What this calculator does
- Score moisture-related processing risk for PLA, PHA, starch blends, cellulose compounds, and other hygroscopic biomaterials using severity, occurrence, and detection ratings.
- a polymer processing team needs to rank moisture risk before running or qualifying a bio-resin grade
- Returns a comparative risk score for moisture-driven biomaterial processing issues.
Formula used
- Moisture sensitivity risk score = moisture impact severity score × moisture occurrence score × moisture detection score
- Use the same scoring scale across comparable moisture-sensitive materials and processes.
Inputs explained
- Moisture impact severity score: Score the impact of hydrolysis, brittleness, bubbles, splay, film breaks, mechanical loss, or customer rejection.
- Moisture occurrence score: Score likelihood using resin storage history, drying capability, ambient humidity, open bags, regrind, or prior defects.

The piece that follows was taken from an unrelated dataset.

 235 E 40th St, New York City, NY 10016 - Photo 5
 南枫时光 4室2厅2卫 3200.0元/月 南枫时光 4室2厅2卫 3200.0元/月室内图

- Moisture detection score: Score how likely moisture analyzers, dew point alarms, incoming checks, or process controls catch the issue before production.
How to use the result
- Use it before production trials, resin changes, storage changes, regrind use, or humid-season processing.
- The score is qualitative; verify risk with measured moisture content, intrinsic viscosity, melt flow, mechanical tests, and process data.
Common questions
- What scale should I use? Use your internal 1-5 or 1-10 FMEA scale and apply it consistently across materials and lines.
- Does a high detection score mean good detection? In typical FMEA scoring, a higher detection score means weaker detection. Match the entry to your team's scoring rules.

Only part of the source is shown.